A Merit Systems Protection Board judge this week upheld a decision by the National Park Service to fire Teresa Chambers as chief of the U.S. Park Police, saying that reinstating her to the force "would impair the agency's ability to carry out its law enforcement mission."
Judge Elizabeth Bogle issued an initial decision Wednesday upholding four of six charges against Chambers, who has been fighting for 10 months to be reinstated as chief of the Park Police.
Lawyers representing Chambers vowed Friday to appeal the ruling. She has until Nov. 10 to file an appeal with the full three-member board, and can also file a petition for review with the U.S. Court of Appeals for the Federal Circuit.
Chambers was placed on administrative leave in December 2003 after telling The Washington Post that her 620-member force required as many as 800 additional officers to meet increased demands, faced a $12 million budget shortfall, and needed up to $8 million more than the administration had requested for fiscal 2005.

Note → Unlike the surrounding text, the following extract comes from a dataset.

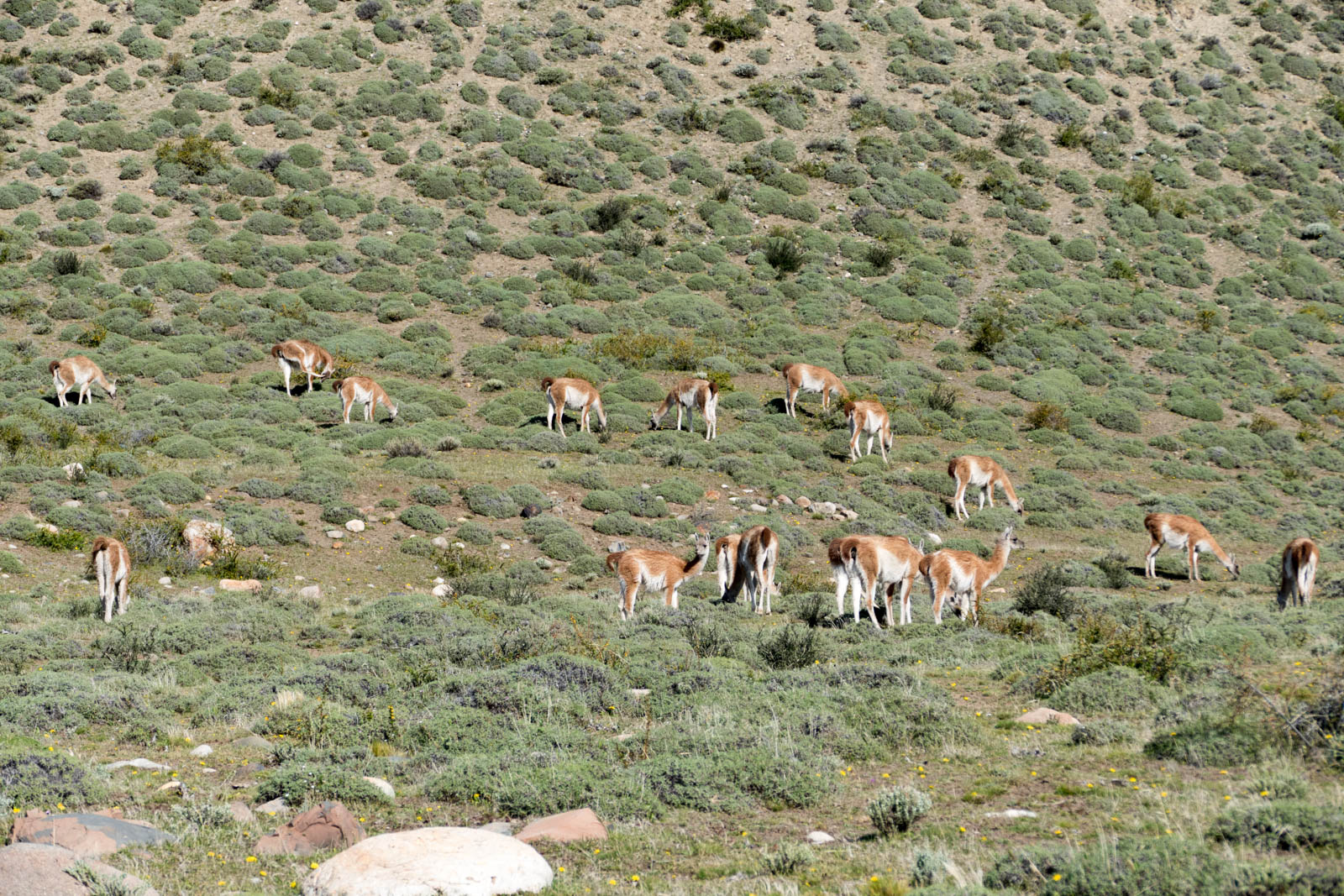 Herd of guanacos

After the article ran, Don Murphy, the Park Service's deputy director, proposed to remove Chambers from her position. Murphy put Chambers under a gag order and charged her with improper budget communications, making public remarks regarding security on federal property, improper disclosure of budget deliberations, improper lobbying, failure to carry out a supervisor's instructions, and failure to follow the chain of command.

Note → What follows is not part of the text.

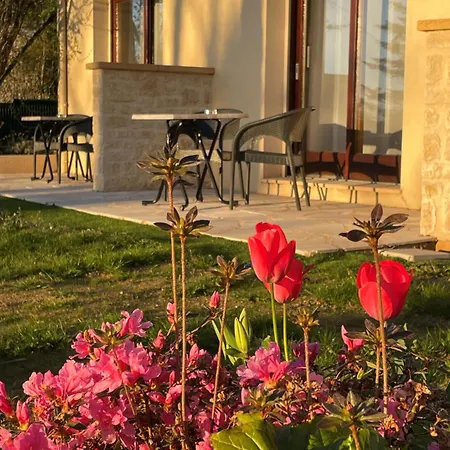 Del Pechs - Avec Terrasse מלון 3*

Chambers was fired on July 9, and appealed to MSPB.
Bogle sustained the charges of making public remarks about security, improper budget deliberation disclosure, failure to follow her supervisor's instructions and failure to obey the chain of command.
The judge rejected all of Chambers' defenses against these charges, and several times wrote that she did not find Chambers' testimony credible. Bogle also ruled that Chambers failed to show she engaged in protected whistleblowing activity.
"Based on my analysis of the agency's evidence of the charges in the removal appeal, I find that clear and convincing evidence supports Mr. Murphy's decision to place the appellant on administrative leave and propose her removal," Bogle wrote. "The agency, I conclude, could show by clear and convincing evidence that it would have taken the same actions in the absence of the alleged whistleblowing activity."
"Moreover, because the appellant has accepted no responsibility for her conduct and has expressed no remorse, her reinstatement would impair the agency's ability to carry out its law enforcement mission," Bogle also wrote.
Lawyers for Chambers said Friday the ruling has set up a First Amendment fight.
"Public servants should not be fired because they tell the truth; we will vigorously appeal this initial decision," said Richard Condit, general counsel of Public Employees for Environmental Responsibility, which is leading Chambers' legal defense. "The judge made several errors of law and leaps of logic that will not stand up under review."
The Interior Department, which governs the National Park Service and Park Police, issued a brief statement Friday in response to the ruling.
"We welcome today's ruling by the Merit Systems Protection Board that affirms the agency's decision to remove Teresa Chambers from her position. The ruling also rejects her claim to whistleblower status," the department said. "We are proud of the men and women of the United States Park Police. We support and honor their important mission, including the protection of our visitors and the icons of our American democracy."